Stored data:
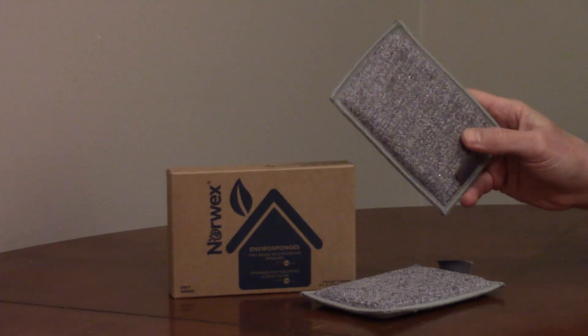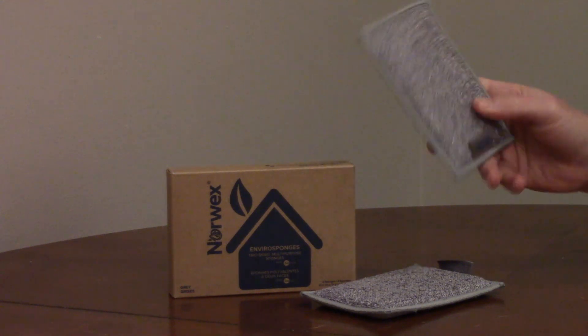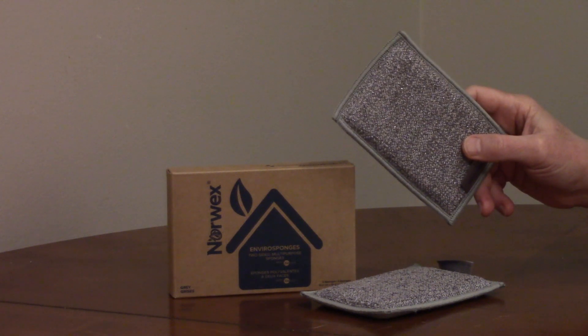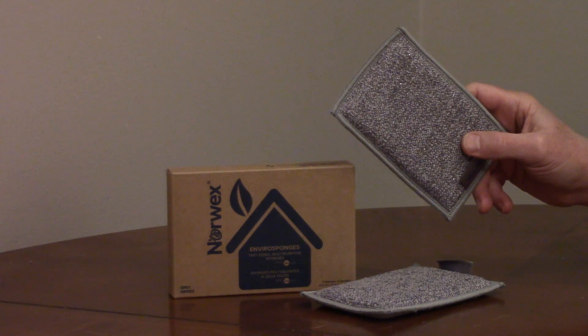Norwex EnviroSponge is a two-sided sponge that can be used in the kitchen for pots, pans, dishes, silverware and appliances, or in the bathroom to remove soap scum, stains and water deposits.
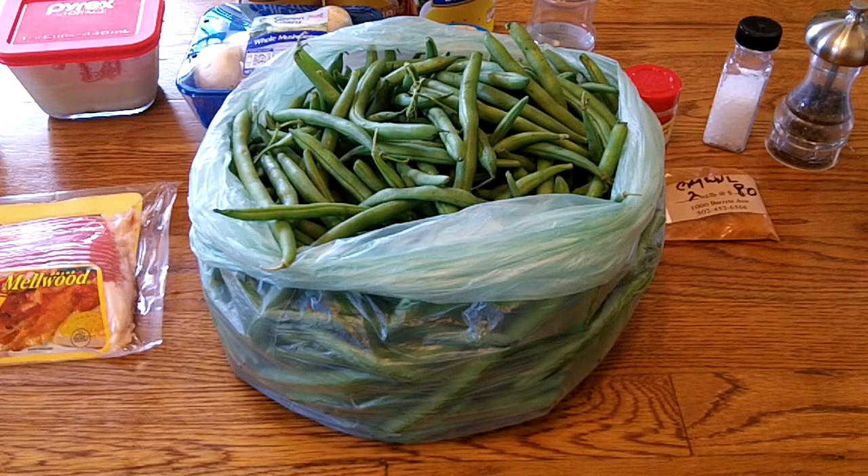Hey guys, today I'm going to show everybody how I make my southern style green beans. And these are awesome.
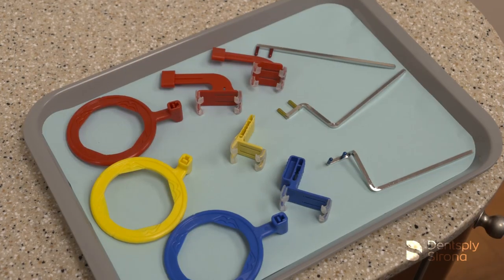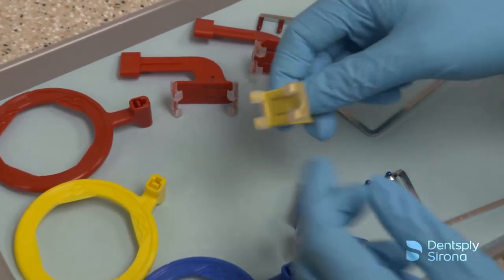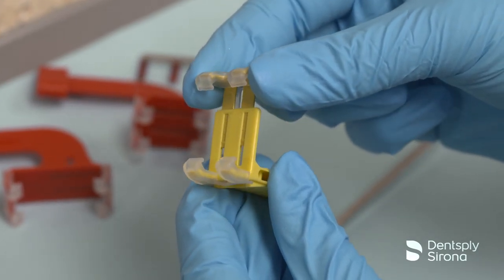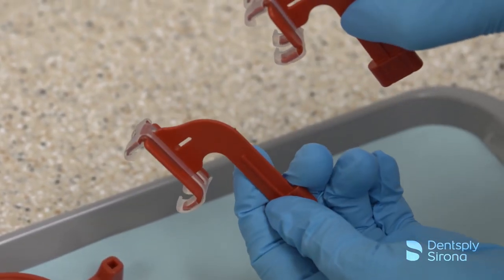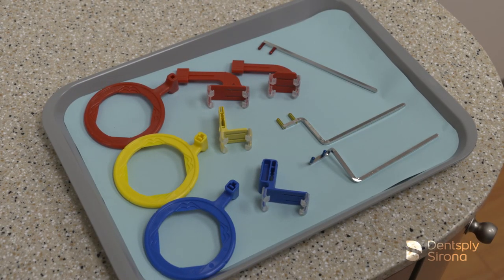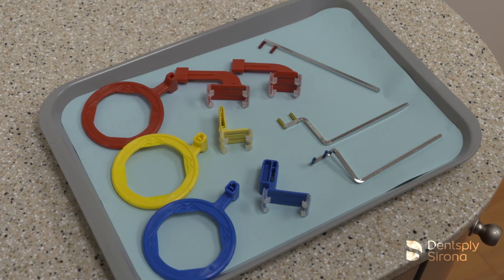The XCP-DS-Fit universal sensor holder has a universal design which provides a custom fit to any size or brand sensor. The self-adjusting clip stretches to fit size 0 to 2 sensors, allowing for less inventory. The holder is autoclavable and has a rigid sensor support which helps to keep the sensor positioned accurately during use. It can be used with the traditional arm and ring sets, which consist of three metal arms and three color-coded rings corresponding to the area they will be used in the mouth.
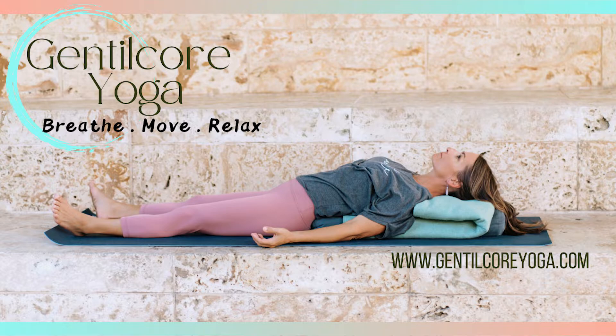Start to notice your body. Feel the back of the head, the back of the hands, the heels, and the spine touching the earth. Feel your body grounded and still. Begin to let your bones get heavy.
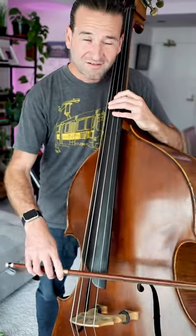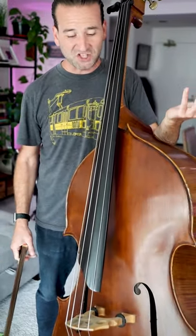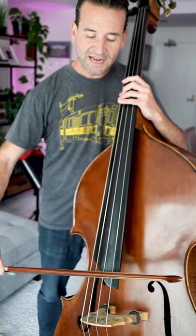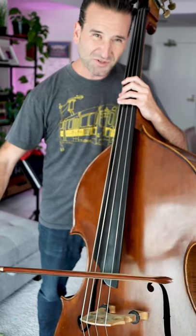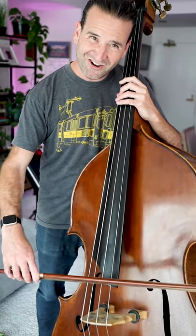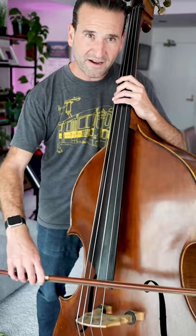Bouncing the bow. One of the coolest things about playing a string instrument — a great way to start is just see if you can get the bow bouncing kind of in the middle, let the natural springiness of the bow do some work, then move it towards the center a little more and just move it back and forth.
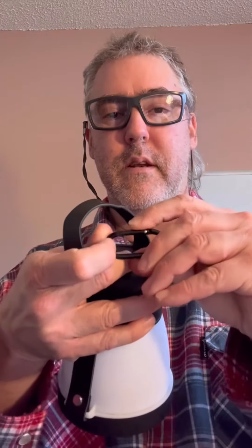It comes with a clip so you can hang it. If you use it as a lantern, the handle goes this way. If you use it as a spotlight, you can change the handle to this way.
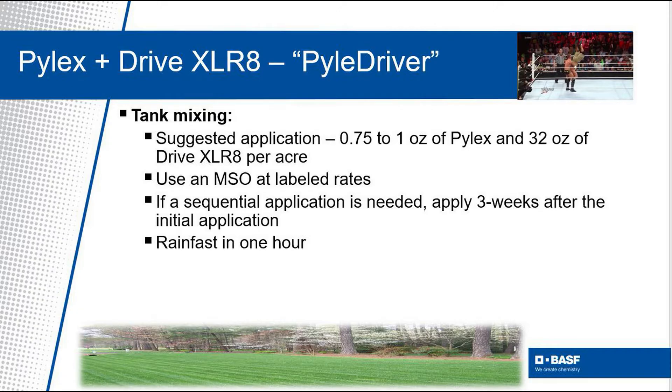If a sequential application is needed, we suggest a three-week spray interval. And if you're worried about rainfall reducing performance, this combination is rain fast within 60 minutes, giving you the added assurance that it will work even if it rains the same day of your application.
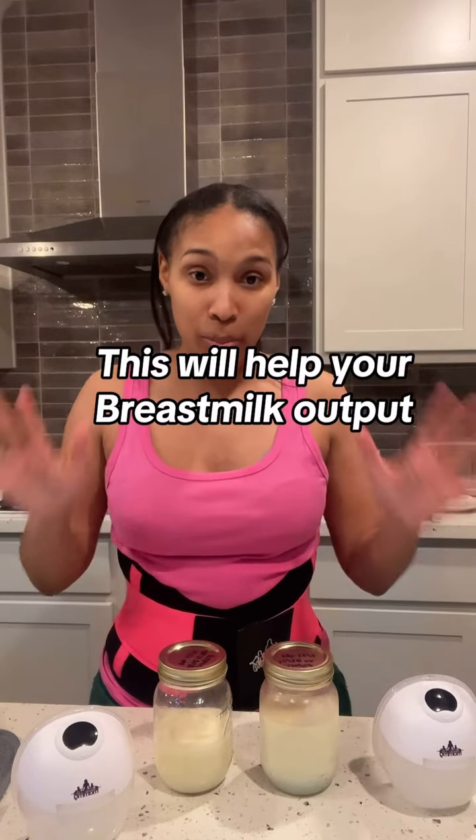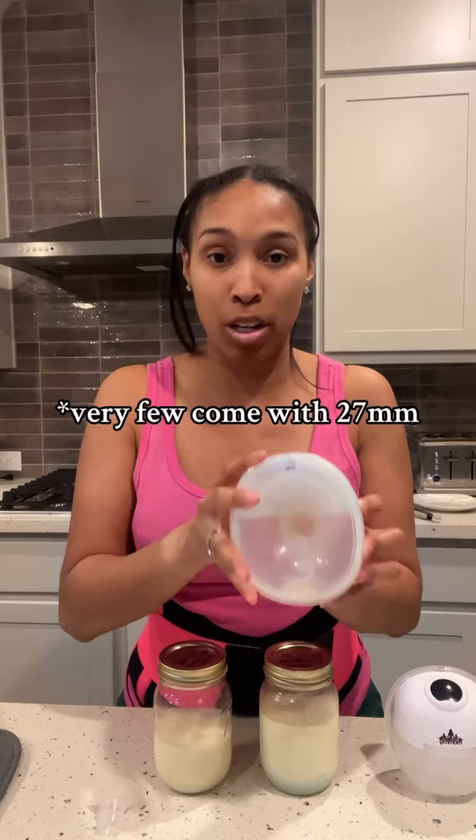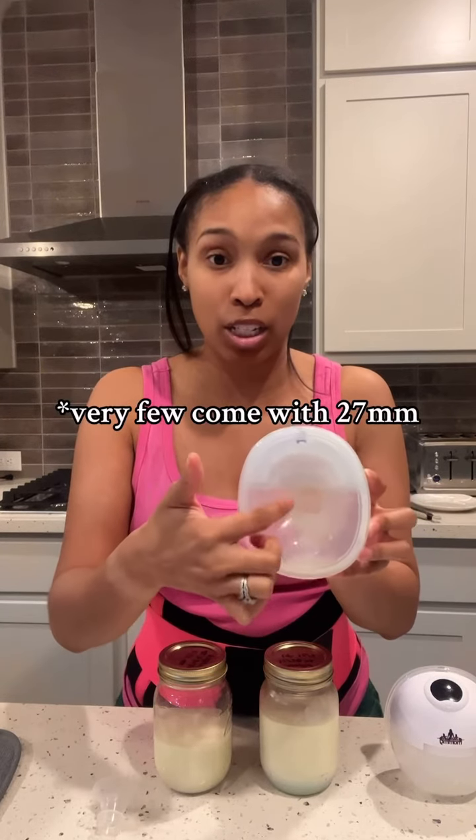Doing this one thing is going to make or break your pumping experience. I'm using the Muscle Up Mommy J35s — here's my pump supply from my first session and my second session of the day. I want to show you what will change your output: these flange inserts. Whether you're using Muscle Up Mommy J35 or any pump, it's going to come with a standard 24 millimeter flange.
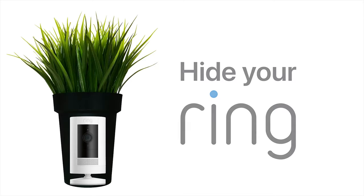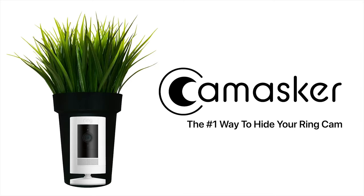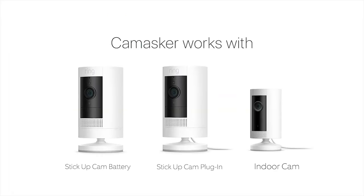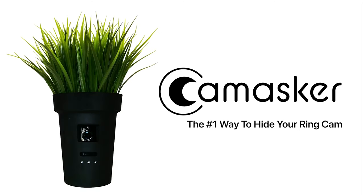Turn your ring cam into a hidden camera with CamMasker. Compatible with Ring Indoor Cam, Ring Stick-Up Cam Battery, and Ring Stick-Up Cam Plug-In. CamMasker — the number one way to hide your ring cam.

[Problem to work on]
Copy each line above exactly. Images do not belong in the copy.

[Solved problem]
Norwex EnviroSponge is a two-sided sponge that can be used in the kitchen for pots, pans, dishes, silverware and appliances, or in the bathroom to remove soap scum, stains and water deposits.
Hey guys, today I'm going to show everybody how I make my southern style green beans. And these are awesome.
The XCP-DS-Fit universal sensor holder has a universal design which provides a custom fit to any size or brand sensor. The self-adjusting clip stretches to fit size 0 to 2 sensors, allowing for less inventory. The holder is autoclavable and has a rigid sensor support which helps to keep the sensor positioned accurately during use. It can be used with the traditional arm and ring sets, which consist of three metal arms and three color-coded rings corresponding to the area they will be used in the mouth.
Start to notice your body. Feel the back of the head, the back of the hands, the heels, and the spine touching the earth. Feel your body grounded and still. Begin to let your bones get heavy.
Bouncing the bow. One of the coolest things about playing a string instrument — a great way to start is just see if you can get the bow bouncing kind of in the middle, let the natural springiness of the bow do some work, then move it towards the center a little more and just move it back and forth.
It comes with a clip so you can hang it. If you use it as a lantern, the handle goes this way. If you use it as a spotlight, you can change the handle to this way.
If a sequential application is needed, we suggest a three-week spray interval. And if you're worried about rainfall reducing performance, this combination is rain fast within 60 minutes, giving you the added assurance that it will work even if it rains the same day of your application.
Doing this one thing is going to make or break your pumping experience. I'm using the Muscle Up Mommy J35s — here's my pump supply from my first session and my second session of the day. I want to show you what will change your output: these flange inserts. Whether you're using Muscle Up Mommy J35 or any pump, it's going to come with a standard 24 millimeter flange.
Turn your ring cam into a hidden camera with CamMasker. Compatible with Ring Indoor Cam, Ring Stick-Up Cam Battery, and Ring Stick-Up Cam Plug-In. CamMasker — the number one way to hide your ring cam.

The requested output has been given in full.